Unfortunately, personal exemptions are gone as of 2018, at least until the TCJA potentially expires at the end of 2025. As of 2017, you could have reduced your taxable income by another $20,250 by claiming these. Personal exemptions were set at $4,050 per person in 2017 and you could claim one for yourself, your spouse, and each of your three dependent children.
This tax perk is off the table, at least temporarily.
Now Use Tax Credits to Eliminate Your Taxes
Two of your children go to college. We'll say that your daughter is a senior at a state university and your son is a freshman at another state university. You have the option of claiming either the Lifetime Learning Credit or the American Opportunity Credit for each of them as of 2018.
Maybe you spent $15,000 on your daughter's tuition and $5,000 on your son's tuition for the year. If you claim the Lifetime Learning Credit, it's worth 20 percent of the first $10,000 of tuition expenses you pay for one child up to a maximum credit of $2,000.

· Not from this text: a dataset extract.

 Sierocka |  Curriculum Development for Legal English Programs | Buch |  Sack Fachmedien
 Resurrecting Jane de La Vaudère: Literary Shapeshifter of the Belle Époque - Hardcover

The American Opportunity Credit is worth up to $2,500 on the first $4,000 of qualifying educational expenses you spend, and this includes course materials as well as tuition.

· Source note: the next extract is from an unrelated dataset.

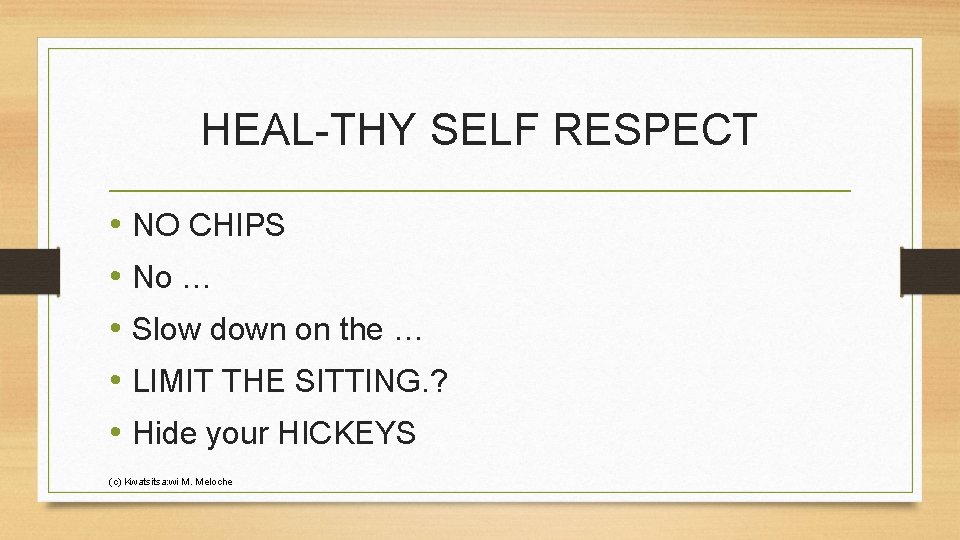 HEAL-THY SELF RESPECT • NO CHIPS • No … • Slow down on the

You can't take both the LLC or the AOC for the same student but you can claim one for one child and the other for your other child. Or you can claim either one twice, once for each student.
Now here's another catch. These are tax credits, which are actually better than tax deductions. Tax credits don't reduce your taxable income. They're applied to and directly reduce your tax bill.
We'll say that you've finished your tax return only to realize that you owe the IRS $2,000 after taking all deductions that are available to you. Any combination of these tax credits for higher education would fully eliminate that tax debt but the American Opportunity Credit would work out better for you because 40% of this credit is refundable. The Lifetime Learning Credit is nonrefundable. This means it can reduce your federal income tax to zero but not below zero.
If you use two American Opportunity Credits at the maximum $2,500 amount each, that's $5,000 in tax credits. You owed $2,000 so now your tax debt is reduced to zero. But 40 percent of the credit is refundable up to $1,000. Refundable credits function just like withholding and other tax payments. Any excess amount above the federal income tax liability is refunded to you by the IRS.
So instead of owing the IRS anything, you'll receive a tax refund of $1,000. Forty percent of that $3,000 that was left over after erasing your tax bill works out to $1,200. That's more than the $1,000 cap so you won't be able to claim the last $200 but you've at least come out of the equation with $1,000 you didn't have before.
These tax credits are also subject to income phase-outs. The Lifetime Learning Credit is eliminated for joint married filers with modified adjusted gross incomes of $132,000 as of 2018. The American Opportunity Credit is eliminated for married filing jointly taxpayers with MAGIs over $180,000. For many taxpayers, your MAGI is the same as your AGI.
Consult With a Tax Professional
Tax rules and laws can change in the blink of an eye so be sure to consult the IRS website for the most up to date federal income tax rates and information. You might also want to consult with a tax professional to see how these tax breaks work for you given your personal circumstances.